2. standard conversion options

Transkribus (exports)

Transkribus offers a variety of export options (PDF, Textfile, Docx, Excel/CSV, PAGE-XML, ALTO-XML, TEI/XML); however, only the last three can be used for the development of a DSE according to current standards. While PAGE-XML and ALTO-XML themselves still need to be converted into TEI/XML, the TEI/XML provided by a Transkribus export unfortunately does not yet meet the desired quality. If many custom tags have been assigned in Transkribus, the export must therefore be revised.

eScriptorium (PAGE, ALTO)

eScriptorium currently has two export options: PAGE-XML and ALTO-XML.
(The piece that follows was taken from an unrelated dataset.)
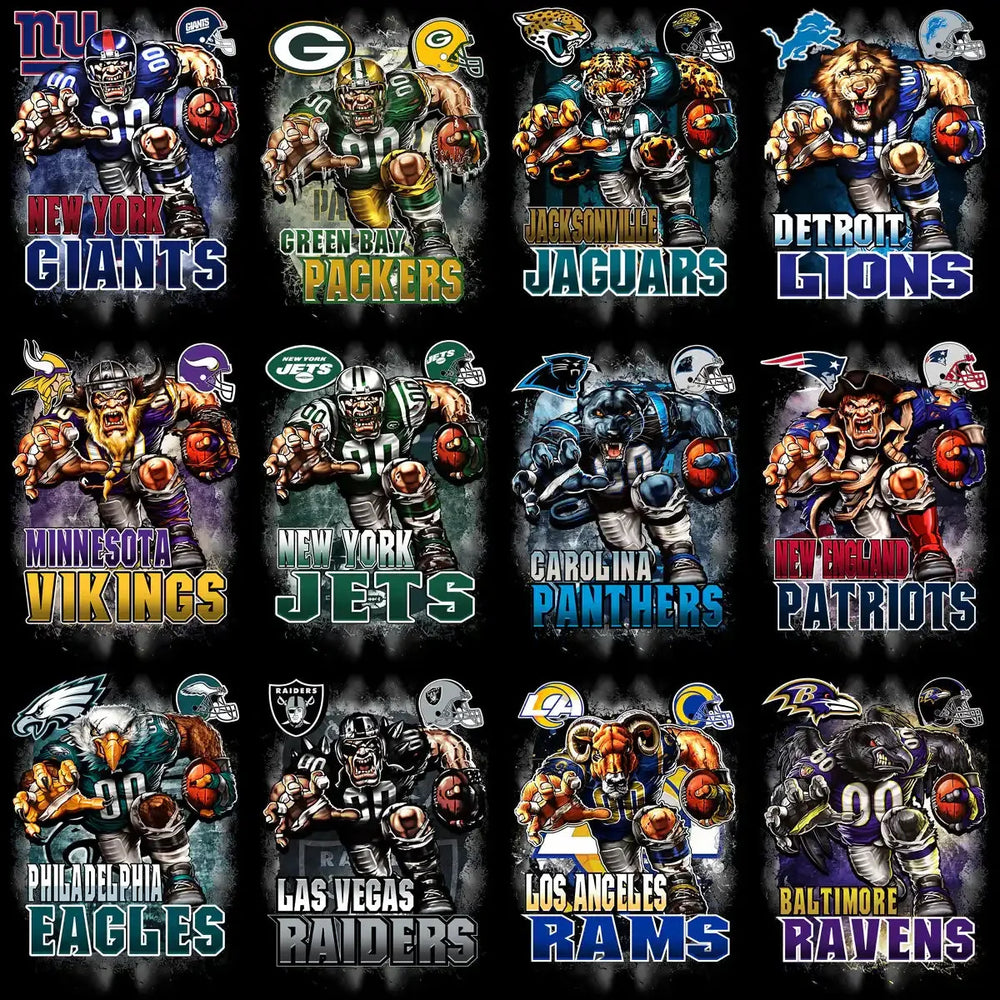 32 Football Teams Mascots Helmet Logo Designs Bundle PNG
Existing scripts (trans2tei, page2tei)

Because exports in TEI XML format are either missing or insufficient in the common transcription tools, code scripts have been developed in recent years to avoid manual conversion (e.g. in an XML editor such as Oxygen). The two scripts presented here automate the conversion.

The basic script is page2tei, which converts PAGE-XML into TEI/XML. The biggest obstacle with page2tei is a TODO for line tags. Once this is solved, the custom conversion can be done as the next step (cascade). Other edition-specific tags are placed in anonymous blocks (tag ab) with a type attribute, which can be processed in the best possible way.

trans2tei is specifically tailored to PAGE XML output from Transkribus. It includes all steps from export zip to TEI-XML and also covers the recognition of printed highlighting using special characters. trans2tei is aimed at the needs of the Bibliotheca Herziana. For editing projects, it is best used simply as an inspiration.

=> The proto2tei script, which is tailored to the Showcase edition, will appear here later.

3. limitations

If no or only a minimal tag set is available, the TEI-XML export of Transkribus requires hardly any readjustment. In this case, however, an important function of the tool is omitted: the annotation of text or text regions.

As a solution to this problem, manual readjustments can be carried out in order to achieve conformity with the desired TEI schema. However, such manual revisions can be time-consuming depending on the complexity of the schema.

Ultimately, with sufficient technical expertise, project-specific conversions can be developed using pipelines such as trans2tei can be developed. The basis for this is page2tei, which is already available in the Transkribus export function.